De l’autodétermination des peuples…

De l’autodétermination des peuples…

Paris Vox – (Tribunes) Le drame qui se JOUE en Ukraine permet de revenir sur certains points de géopolitique.

Le conflit autour de l’Ukraine aura au moins eu le mérite, même si ce n’est pas une découverte, de montrer à quel point le débat idéologique entre les tenants de l’appartenance historique d’un territoire et ceux de l’appartenance identitaire devient secondaire face au pragmatisme des luttes d’influence.

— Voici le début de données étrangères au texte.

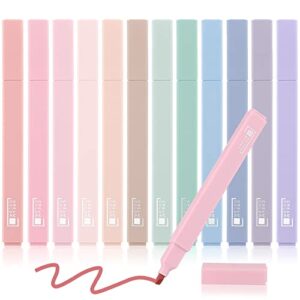 12 pieces aesthetic highlighters bible highlighters and pens no bleed with chisel tip pastel markers multicolor aesthetic pens kawaii stationary for office school supplies (elegant style)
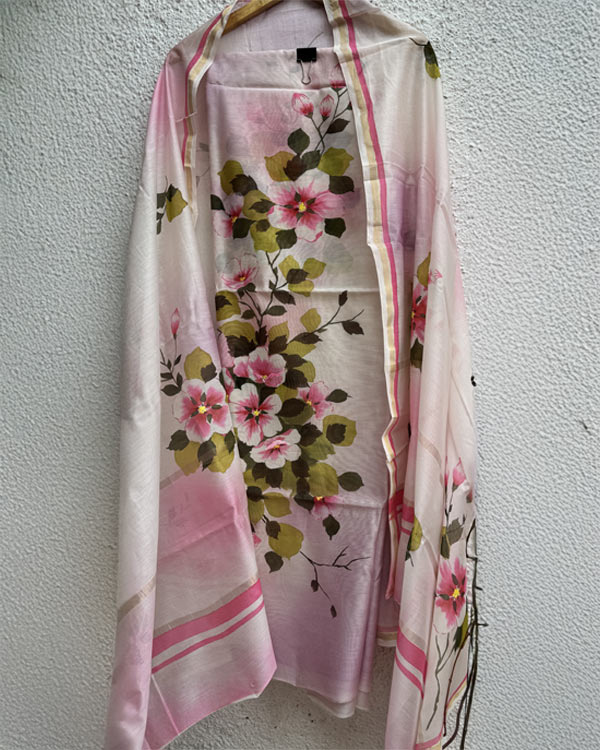 pure Chanderi pink shirt and Dupatta set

Les provinces de Lougansk et de Donetsk sont indéniablement russophiles et le droit à leur autodétermination devrait pour le moins être respecté comme l’a été celui du Kosovo. On ne peut pas être pour l’un et contre l’autre. L’intangibilité des frontières de 1945 (déjà moultes fois mise à mal) a débouché sur la création d’états sans identité, sans unité ethnique, religieuse ou politique. Si cela est surtout vrai de l’Afrique, c’est aussi le cas de l’Ukraine. Lviv était polonais il y a quatre-vingt ans tandis que Donetsk a toujours été russophone. Pour autant, doit-on verser dans l’idolâtrie poutinienne, rien n’est moins sûr, si la défense du peuple russe qu’il promeut mérite notre admiration, l’ardeur qu’il met à défendre les deux républiques sécessionnistes contraste avec la façon dont il traite les revendications autonomistes au Daghestan ou en Ingouchie sans parler du soutien qu’il apporte au malade mental Khadirov en Tchétchénie.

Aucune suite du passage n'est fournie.